The difference between a sample statistic and a hypothesized value is statistically significant if a hypothesis test indicates it is too unlikely to have occurred by chance. To assess statistical significance, examine the test's p-value. If the p-value is less than a specified significance level (α) (usually 0.10, 0.05, or 0.01), you can declare the difference to be statistically significant and reject the test's null hypothesis.

For example, suppose you want to determine whether the thickness of car windshields is larger than 4mm, as required by safety rules. You take a sample of windshields and conduct a 1-sample t-test with an α of 0.05 and the following hypotheses:
  • H0: μ = 4
  • H1: μ > 4
If the test produces a p-value of 0.001, you declare statistical significance and reject the null hypothesis because the p-value is less than α. You conclude in favor of the alternative hypothesis: that the windshield thickness is greater than 4mm.

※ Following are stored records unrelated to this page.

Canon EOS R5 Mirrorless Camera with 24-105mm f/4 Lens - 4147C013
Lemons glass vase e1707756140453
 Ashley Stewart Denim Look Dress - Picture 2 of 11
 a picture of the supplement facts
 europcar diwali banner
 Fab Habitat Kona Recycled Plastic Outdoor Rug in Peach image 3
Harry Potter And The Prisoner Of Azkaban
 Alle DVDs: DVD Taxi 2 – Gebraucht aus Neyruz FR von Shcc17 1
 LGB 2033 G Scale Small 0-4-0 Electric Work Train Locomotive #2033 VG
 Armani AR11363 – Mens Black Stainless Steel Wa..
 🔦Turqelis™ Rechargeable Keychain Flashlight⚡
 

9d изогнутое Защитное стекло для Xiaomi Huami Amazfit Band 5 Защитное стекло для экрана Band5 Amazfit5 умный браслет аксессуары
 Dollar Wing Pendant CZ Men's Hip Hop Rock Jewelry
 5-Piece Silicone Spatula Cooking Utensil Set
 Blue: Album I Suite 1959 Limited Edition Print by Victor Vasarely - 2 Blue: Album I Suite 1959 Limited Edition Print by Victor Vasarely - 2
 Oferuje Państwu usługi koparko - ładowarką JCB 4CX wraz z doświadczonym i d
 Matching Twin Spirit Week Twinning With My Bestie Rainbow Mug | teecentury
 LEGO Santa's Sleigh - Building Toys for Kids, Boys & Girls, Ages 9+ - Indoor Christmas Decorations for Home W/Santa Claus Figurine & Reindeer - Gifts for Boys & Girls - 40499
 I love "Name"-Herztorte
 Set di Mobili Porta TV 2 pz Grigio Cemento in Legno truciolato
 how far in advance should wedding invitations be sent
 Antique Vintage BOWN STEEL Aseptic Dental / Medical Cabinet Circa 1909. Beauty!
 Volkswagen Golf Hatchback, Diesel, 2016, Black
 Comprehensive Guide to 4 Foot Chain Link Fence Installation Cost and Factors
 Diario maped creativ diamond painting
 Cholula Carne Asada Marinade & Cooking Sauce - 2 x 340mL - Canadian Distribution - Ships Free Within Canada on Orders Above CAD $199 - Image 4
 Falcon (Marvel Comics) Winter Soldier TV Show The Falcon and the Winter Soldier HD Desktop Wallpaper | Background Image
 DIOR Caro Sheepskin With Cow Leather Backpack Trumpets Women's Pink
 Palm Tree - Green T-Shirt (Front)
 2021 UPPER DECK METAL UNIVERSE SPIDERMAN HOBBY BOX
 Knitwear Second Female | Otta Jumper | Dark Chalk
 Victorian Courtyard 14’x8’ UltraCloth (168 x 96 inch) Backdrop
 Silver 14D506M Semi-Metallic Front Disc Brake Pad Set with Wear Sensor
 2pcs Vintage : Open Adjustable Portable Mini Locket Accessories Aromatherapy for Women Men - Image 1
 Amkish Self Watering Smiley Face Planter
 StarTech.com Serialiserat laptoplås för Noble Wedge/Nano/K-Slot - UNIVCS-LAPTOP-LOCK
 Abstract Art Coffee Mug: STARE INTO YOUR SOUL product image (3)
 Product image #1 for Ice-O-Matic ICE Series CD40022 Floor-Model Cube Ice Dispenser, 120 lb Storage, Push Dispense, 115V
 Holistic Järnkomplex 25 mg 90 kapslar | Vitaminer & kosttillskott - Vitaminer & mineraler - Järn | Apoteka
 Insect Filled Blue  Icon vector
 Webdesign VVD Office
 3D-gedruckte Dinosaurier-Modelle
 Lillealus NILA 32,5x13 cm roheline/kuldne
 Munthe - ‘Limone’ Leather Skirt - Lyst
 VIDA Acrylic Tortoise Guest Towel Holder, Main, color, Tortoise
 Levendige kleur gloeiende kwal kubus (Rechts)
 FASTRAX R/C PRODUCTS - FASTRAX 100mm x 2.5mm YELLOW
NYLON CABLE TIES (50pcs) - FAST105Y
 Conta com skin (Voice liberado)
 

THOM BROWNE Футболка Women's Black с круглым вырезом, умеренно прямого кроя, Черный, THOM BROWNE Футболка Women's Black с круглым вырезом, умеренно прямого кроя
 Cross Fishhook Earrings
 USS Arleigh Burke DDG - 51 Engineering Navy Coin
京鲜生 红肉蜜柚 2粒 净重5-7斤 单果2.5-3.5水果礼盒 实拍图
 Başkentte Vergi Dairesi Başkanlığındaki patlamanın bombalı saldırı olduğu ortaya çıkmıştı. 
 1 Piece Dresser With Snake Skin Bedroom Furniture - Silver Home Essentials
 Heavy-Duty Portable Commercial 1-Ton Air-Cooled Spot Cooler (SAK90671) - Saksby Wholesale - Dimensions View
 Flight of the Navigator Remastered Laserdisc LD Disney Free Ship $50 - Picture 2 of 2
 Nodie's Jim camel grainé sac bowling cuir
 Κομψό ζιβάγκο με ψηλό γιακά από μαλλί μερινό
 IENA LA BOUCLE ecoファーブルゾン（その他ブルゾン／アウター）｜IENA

But if the p-value equals 0.50, you cannot claim statistical significance. You do not have enough evidence to claim that the average windshield thickness is larger than 4mm.

A statistically significant result might not be practically significant

Statistical significance itself doesn't imply that your results have practical consequence. If you use a test with very high power, you might conclude that a small difference from the hypothesized value is statistically significant. However, that small difference might be meaningless to your situation. You should use your specialized knowledge to determine whether the difference is practically significant.

For example, suppose you are testing whether the population mean (μ) for hours worked at a manufacturing plant is equal to 8. If μ is not equal to 8, the power of your test approaches 1 as the sample size increases, and the p-value approaches 0.

With enough observations, even trivial differences between hypothesized and actual parameter values are likely to become significant. For example, suppose the actual value of mu is 7 hours, 59 minutes, and 59 seconds. With a large enough sample, you will most likely reject the null hypothesis that μ is equal to 8 hours, even though the difference is of no practical importance.

Confidence intervals (if applicable) are often more useful than hypothesis tests because they provide a way to assess practical significance in addition to statistical significance. They help you determine what a parameter value is, instead of what it is not.